The Social Lens: Photographs by Dorothea Lange and Her Contemporaries
August 22 — October 7
Dorothea Lange (American, 1895-1965), Migratory Cotton Picker, Eloy, Arizona, 1940, gelatin silver print, 20 x 23 ½ inches, Collection of Michael Mattis and Judith Hochberg © Estate of Dorothea Lange
University of Richmond Museums presents The Social Lens: Photographs by Dorothea Lange and Her Contemporaries on view in the Joel and Lila Harnett Museum of Art from August 22 to October 7, 2012. Influential photographer Dorothea Lange (American, 1895-1965), helped establish the visual and cultural history of Depression-era America in the 1920s and 1930s with her iconic photographs documenting rural conditions, migrant workers, suffering families, and ravaged landscapes. The exhibition includes 30 of Lange’s strikingly empathetic photographs along with the work of other important socially conscious photographers of the period, such as Walker Evans, Lewis Hine, and Ben Shahn. In conjunction with The Social Lens, UR Downtown is presenting the exhibition The Spirit of Virginia: Photographs from the 1939 New York World’s Fair on view from September 7 to October 26, 2012 in the Wilton Companies Gallery, UR Downtown, 626 East Broad Street, Richmond.
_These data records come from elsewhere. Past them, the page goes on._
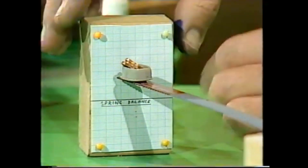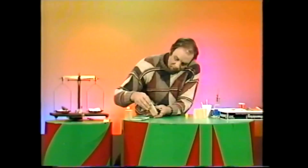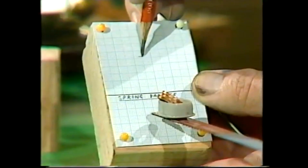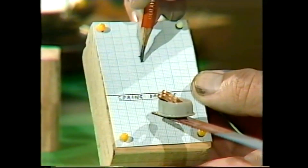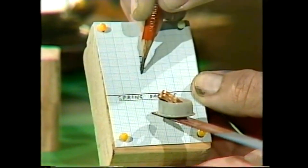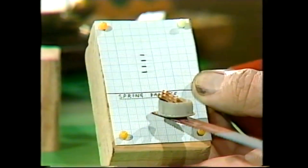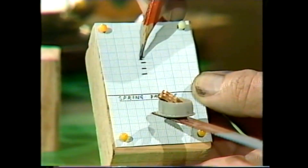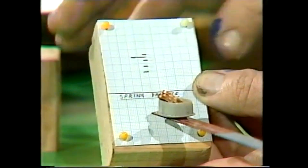Now those are very faint marks, so let's just ink them in with a pencil. Here we go — there's naught, two and a half, five, seven and a half. And if I was measuring out one gram, it would be around about there. I'll make a big line so we can all see it.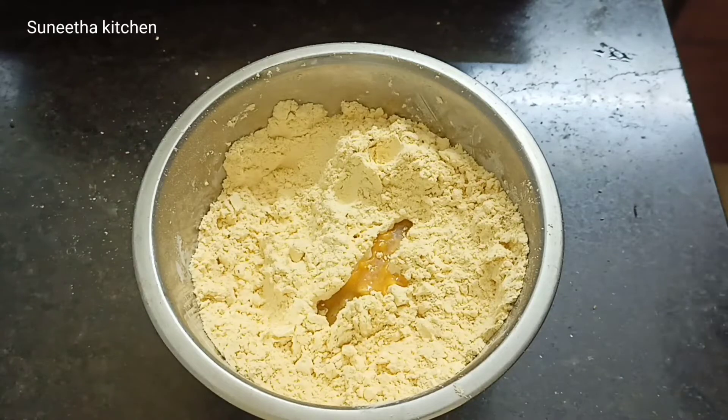Put the cake in the batter and mix to make the cake. Add the batter and cook for 10 minutes. Now the batter is ready.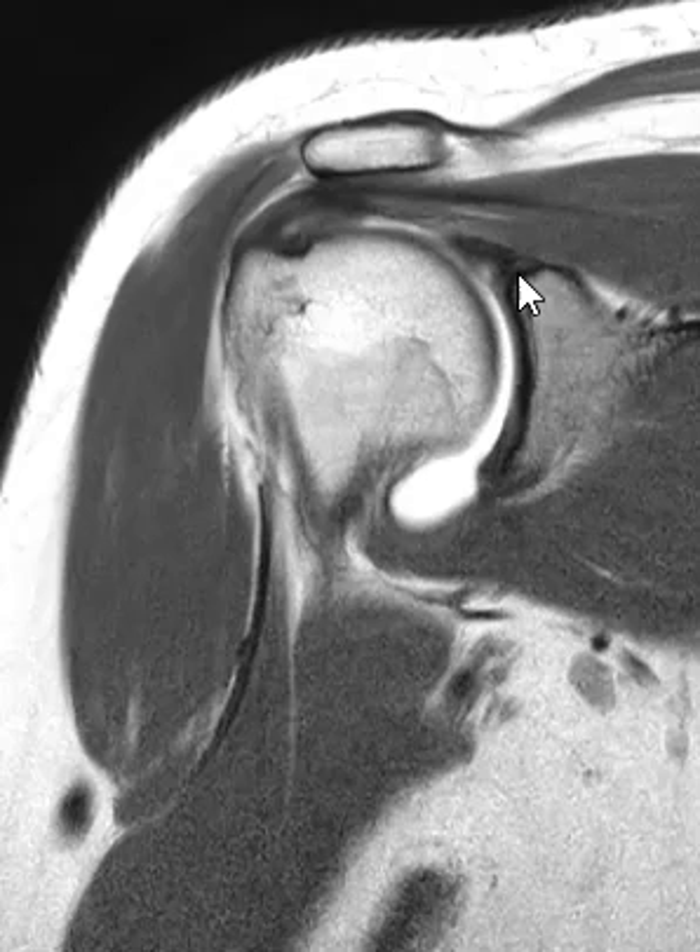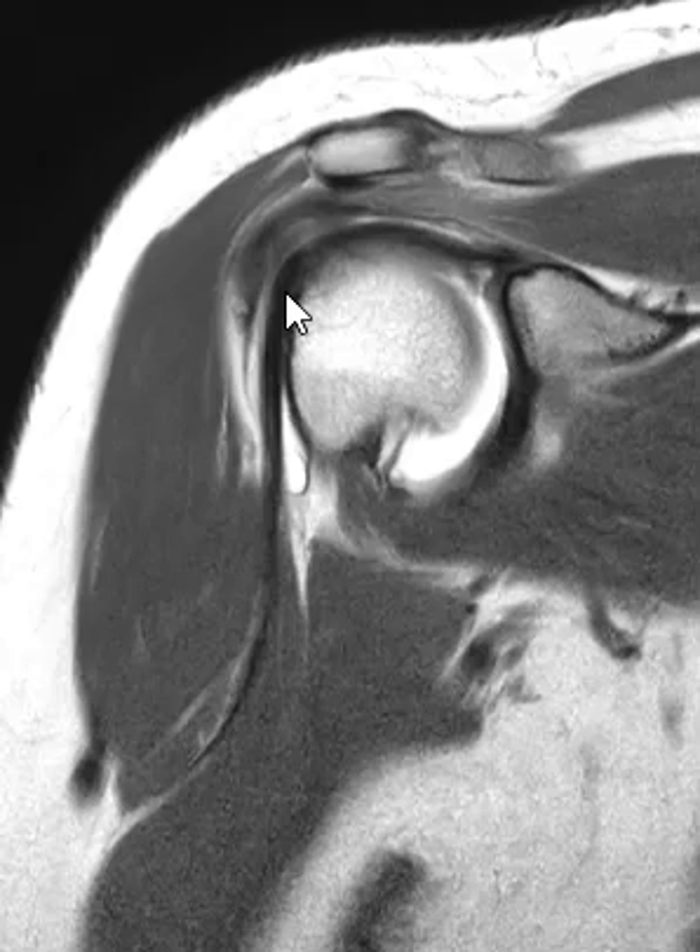Right here you can see it coming off. It goes over the top of the humeral head and then descends in the bicipital groove, coming down into the arm where it starts to turn into the muscle. Here's where you have the big juicy biceps muscle. So the biceps tendon goes up through the groove, makes a loop over the top of the humerus, and attaches over here on the cup called the glenoid. That is the proximal part of the biceps tendon.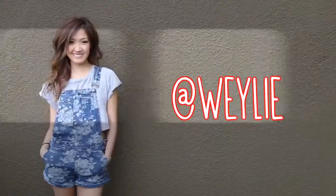As requested by many of you on here and my Instagram, here is how I style my hair every day.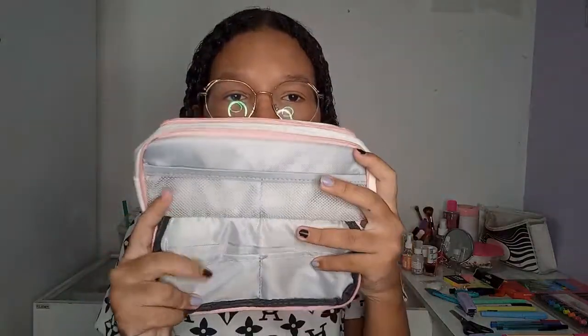Eu prefiro esse estojo aqui pra colocar essas coisas. Outro estojo que é perfeito — eu comprei na Shein. Foi R$38 com o bom desconto que eu usei. Ele é muito lindo. Ele é branco, vai sujar, mas enfim. Ele tem três compartimentos, muito perfeito. Tem o bolso na frente com elástico, o bolso de trás pra colocar borracha, e do meio tem o bolso normal. Se vocês quiserem, eu vou gravar organizando ele.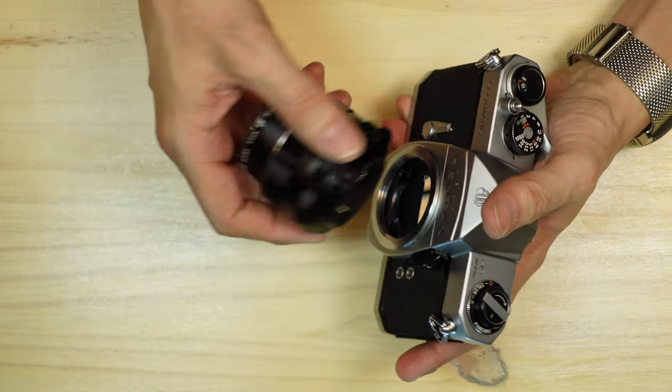Near the end of production I believe some cameras used electronically controlled shutters, but this one is not. It also has a manual self-timer: flip it down, and when you're ready to take your photo press the small button. If you don't want to use the self-timer you can simply press the shutter release normally. If you do use the self-timer, press that small silver button and you get approximately a 10-second delay.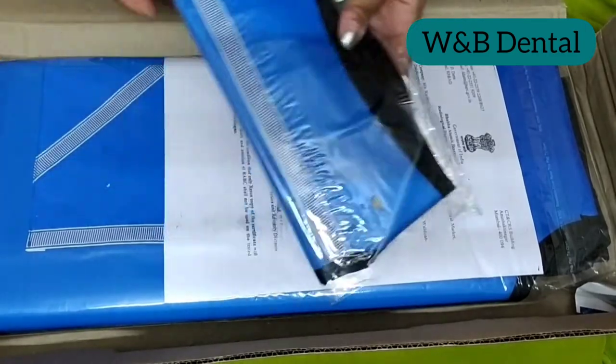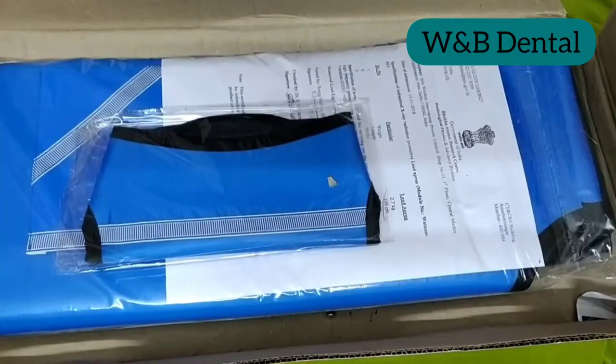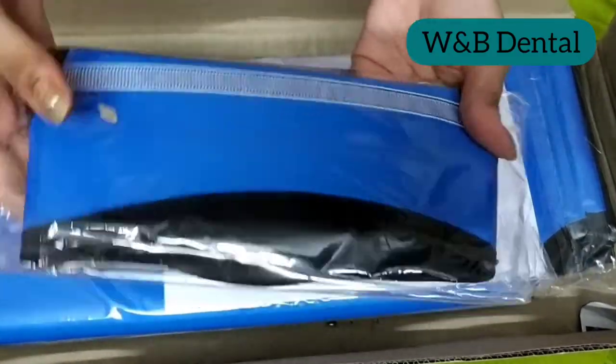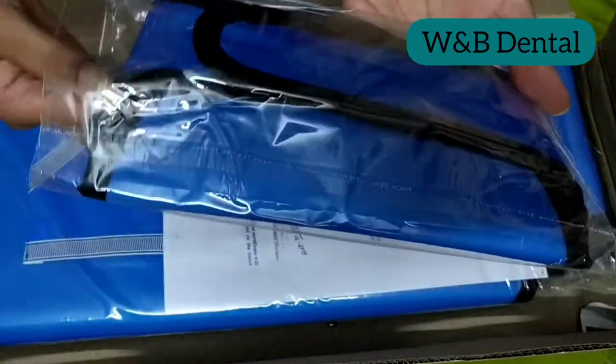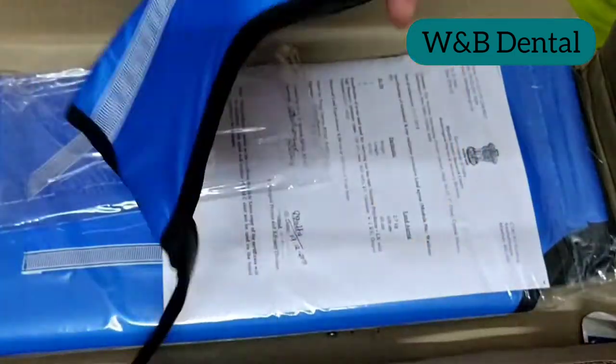It is BARC certified. This quick, easy-to-use thyroid shield collar is a type of apron specially designed to protect the thyroid gland from exposure to X-rays during dental imaging, as it is most vulnerable to X-ray exposure.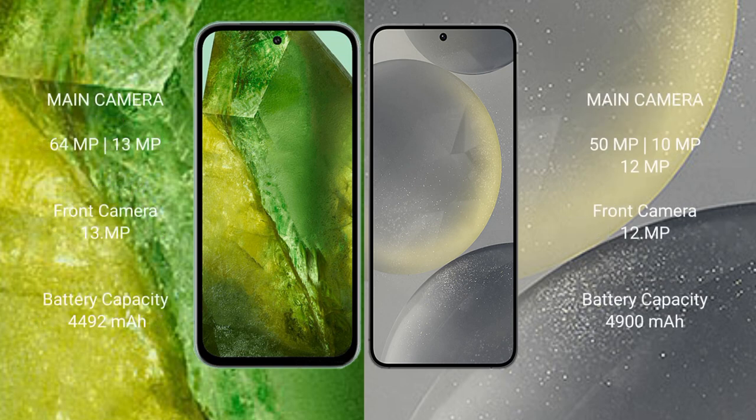Google Pixel 8a features a dual rear camera setup: 64MP plus 13MP, and a 13MP front camera. Samsung Galaxy S24 Plus features a triple rear camera setup: 50MP plus 10MP plus 12MP, and a 12MP front camera.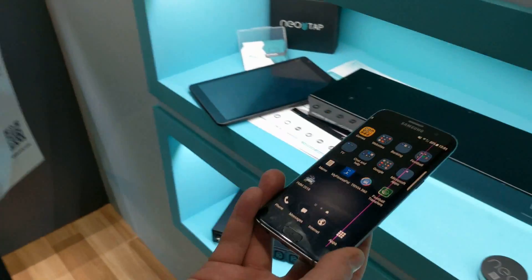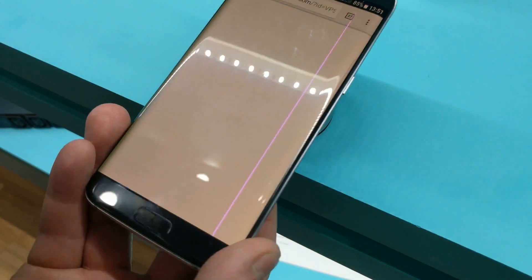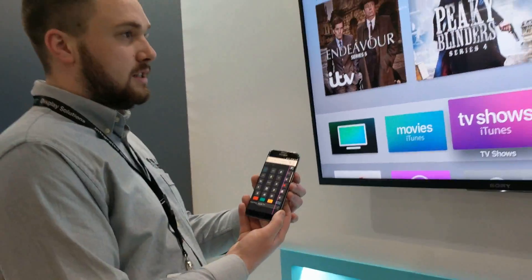So what we have here is our new NeoTap. What it does, it uses an NFC chip to open up a virtual remote on your phone. So if I just rest that on the NeoTap, it will open up our remote for us.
Growing up in the early twentieth century, Lange had experienced adversity early in life. At the age of 7 she was stricken with polio which left her with a life-long limp, and at the age 12 her father disappeared leaving the family impoverished. As a young woman, she began attending courses at Columbia University, New York, including a photography class taught by Clarence White, a well-known American photographer and founding member of the Photo-Secession movement. By 1918 she moved to San Francisco where she started a thriving portrait studio that catered to the city’s professional class for more than a decade. In 1929 the market crashed and Lange turned her attention to documentary photography and photojournalism. She began working for the federal government’s Farm Security Administration (FSA) and found her niche in chronicling the many faces of Depression-era America—young and old, urban and rural, native-born and immigrant—as they dealt with unprecedented hardship.
Lange described the difficulty of her job as a documentary photographer: “You force yourself to watch and wait. You accept all the discomfort and the disharmony. Being out of your depth is a very uncomfortable thing. You force yourself onto strange streets, among strangers. It may be very hot. It may be painfully cold. It may be sandy and windy and you say, What am I doing here? What drives me to do this hard thing?”
After World War II, Lange was the first woman photographer awarded a Guggenheim fellowship, helped found Aperture magazine, and was honored with a career retrospective by the Museum of Modern Art in 1966. Most importantly, she raised public awareness of the need for federal assistance around the country and her photographs helped to convince Congress to provide funding.
The exhibition includes the photograph Migrant Mother (1936), an emblematic image that came to personify pride and resilience in the face of abject poverty in 1930s America. In Lange’s notes, she wrote “Migrant agricultural worker’s family. Seven hungry children. Mother, age thirty-two. Father is native Californian. Destitute in pea pickers’ camp, Nipomo, California, because of the failure of the early pea crop. These people had just sold their tent in order to buy food. Of the 2,500 people in this camp, most of them were destitute.”
Also featured is White Angel Breadline (1933), considered one of Lange’s greatest artistic achievements and her first Depression photograph. The photograph depicts a hungry crowd waiting in line for bread in San Francisco not far from Lange’s studio. The breadline was sponsored by a wealthy San Francisco matron known as the “White Angel.” Migratory Cotton Picker (1940), taken in Eloy, Arizona, embodied the suffering endured by those fortunate enough to find work. The struggle to put in a day’s labor for a small wage is evident in the dust on the picker’s dry hands and the sheen of sweat on his lined forehead.
All works in the exhibition are from the collection of Michael Mattis and Judith Hochberg. The exhibition is organized by art2art Circulating Exhibitions and coordinated at the Harnett Museum of Art by N. Elizabeth Schlatter, Deputy Director and Curator of Exhibitions, University Museums. The exhibition and programs are made possible in part with the support of the University’s Cultural Affairs Committee and funds from the Louis S. Booth Arts Fund.
In conjunction with The Social Lens, UR Downtown presents The Spirit of Virginia: Photographs from the 1939 New York World’s Fair in the Wilton Companies Gallery, September 7 through October 26, 2012. The exhibition features a selection of Depression-era photographs of Richmond and surrounding rural areas from the Library of Virginia’s 1939 New York World’s Fair photograph collection. The exhibition was curated by Hayley Harrington, ’12, art history major, University of Richmond.